高専から東工大に編入して同院に進学して修了した

高専を卒業後に東工大に編入して、同大学院に進学し、最近修了できたのでまとめる。

学部入試〜単位認定

情報工学科に編入した。編入動機や、単位変換のつらさなどは次のエントリに書いた。 itkq.hatenablog.com

大学院入試

東工大の大学院入試には、「A日程」と「B日程」の2つ (非正式名称だが学生教員ともにこれが最も通じる) がある。 A日程とはいわゆる内部進学みたいなもので、成績が良い人から順に研究室のポストを埋めていく形である。A日程試験に筆記はなく面接のみである。 B日程とはいわゆる普通の入試である。筆記試験でボーダーを超えれば面接試験へと進める。

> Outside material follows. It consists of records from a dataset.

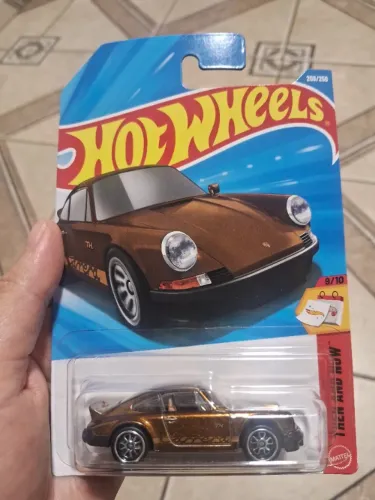 PORSCHE 911 CARRERA RS 2.7 SUPER T HUNT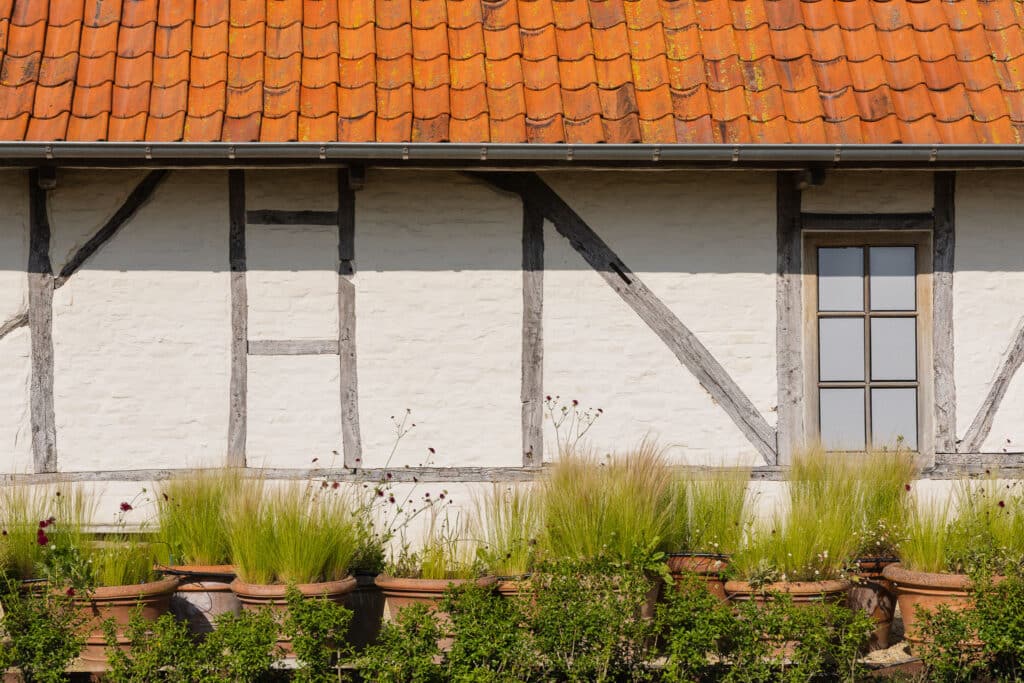 Historisch vakwerk met witte gevel en oranje pannendak bij 't Convent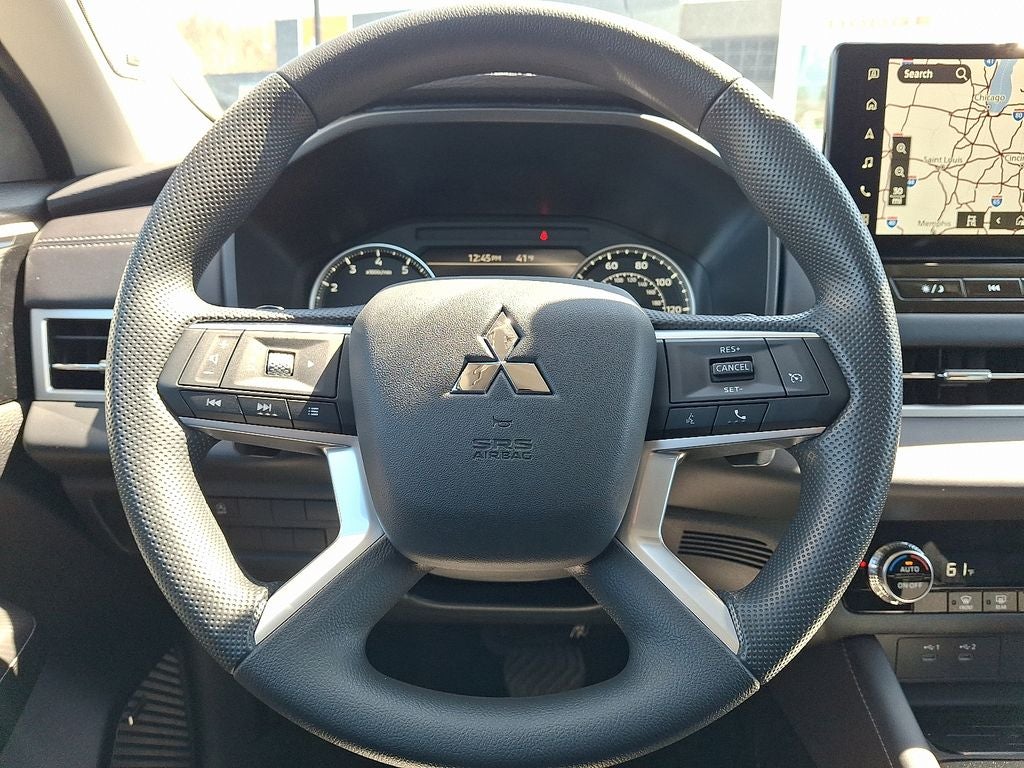 2026 Mitsubishi Outlander ES
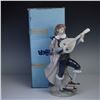 Image 6 : Lladro Porcelain Sculpture, Little Troubadour 1001314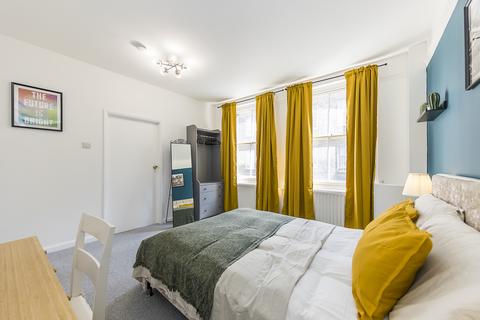 2 bedroom flat share to rent, Brick Lane, London E1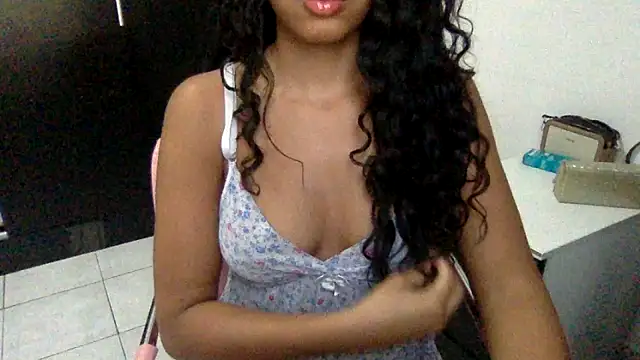 BaddieGirl199 online show from 04/14/26, 08:14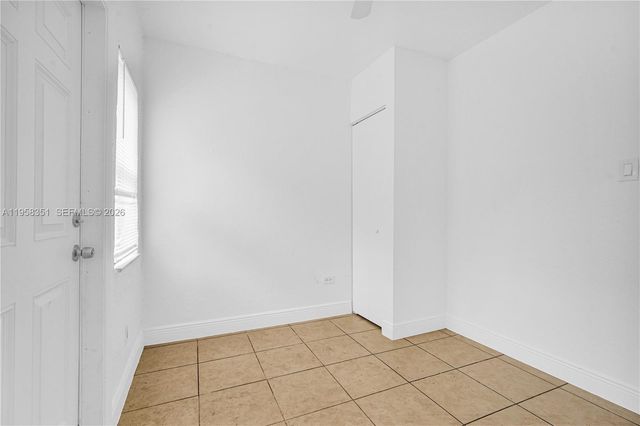 1960 SW 41st Ave 3, Fort Lauderdale, FL 33317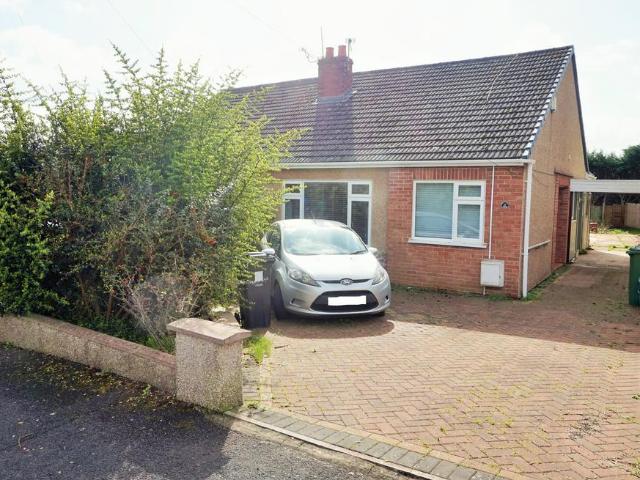Bungalow for sale in Hanham Abbots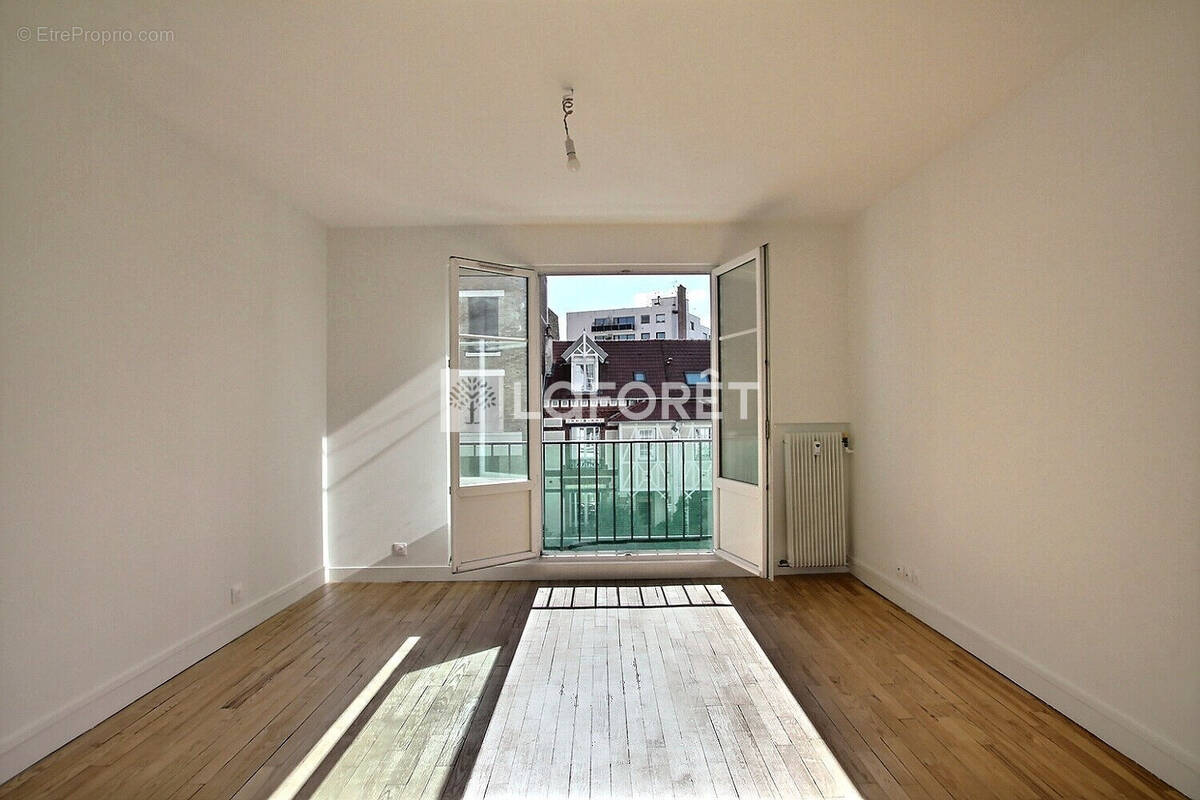 Appartement à ASNIERES-SUR-SEINE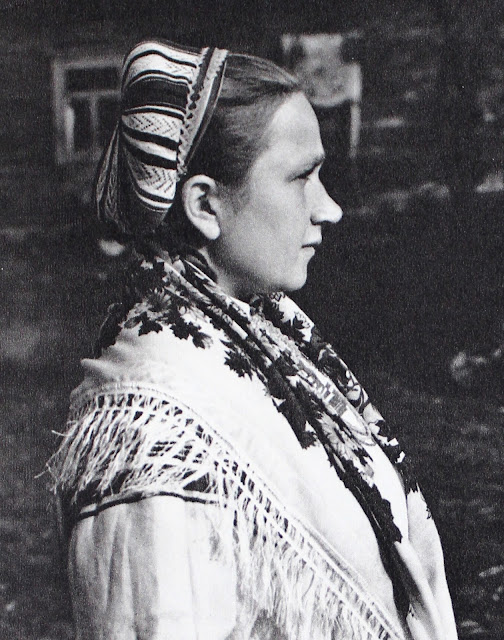 Традиционный белорусский женский костюм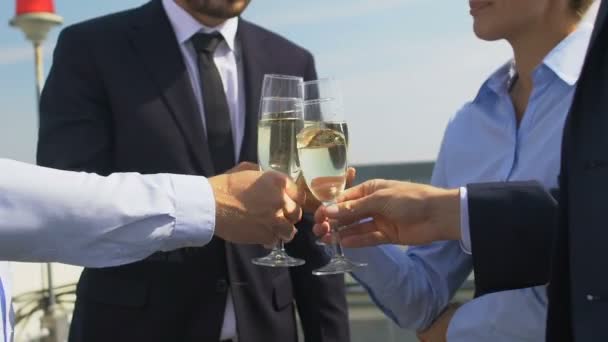 Socios comerciales tintineando copas de champán, celebrando un contrato exitoso — Vídeos de Stock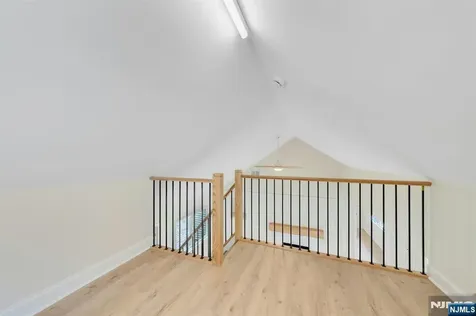 38 Lakeview Avenue Ringwood NJ 07456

東工大大学院の入試を申し込むと、あなたはA日程またはB日程ですと書かれた書類とともに受験票が郵送で届く。 A日程は、成績が良い順に内部生に与えられると言われているが、ここ数年では他大学にも与えられることもあるようだ。 「成績」が何を指すかは不明瞭である。私はつまるところ専門科目の点数の平均点だと聞いていた。出願時に TOEIC または TOEFL のスコアシートの提出が必須であるが、これらの英語の成績は「成績」にほとんど影響しないという見解が学生間でなされている。

情報工学科から通常進学する先は、「情報理工学院 情報工学系」または「工学院 情報通信系」の研究室である。私の受験した2016年度は、教育改革により大学院が再編成され、「専攻」が廃止され代わりに「系」となった。過渡期であったために、志願先は複数の系 (最大3つまで) のうちの研究室 (最大5つまで) を選択することができた (なお、2018年度現在は複数志願することはできない)。私は、

  1. 情報工学
  2. 情報通信系
  3. 物理情報系 (確かそんなような名前だった)

の順で研究室を選択し出願した。

私の知る限り情報系のA日程の面接試験は形骸化しており、その実態は、成績順に希望研究室を選択する椅子取りゲームである1。 つまり受験票に書いた研究室には何も意味がなく、自分が呼ばれた時点で残っている研究室のポストから1つを選ぶのである。自分が希望した研究室が残っていなくても、他に残っている研究室に納得すればその研究室に内定する。このような受験システムにより、学部と院で所属研究室が異なる内部生が比較的多く発生する。「学部の研究室を継続したい」という希望は全く考慮されない。

私は学部で受けた講義の成績がそこそこ良かったので、A日程の権利を得られると予想していた。そして予想通りA日程の通知が届いた。しかし編入生の場合、単位認定科目は60点として記録されるため、自分が体感する自身の成績と、システム上の「成績」は異なる。これについては次のエントリに書いた。

itkq.hatenablog.com

私が受験室に呼ばれた頃には、受験票に書いた研究室はもちろん、その他ほとんどの研究室のポストがなくなっており、A日程の受験を破棄することにした。A日程で研究室のポストがすべて埋まるわけではないため、B日程での内定の可能性に賭けることにした。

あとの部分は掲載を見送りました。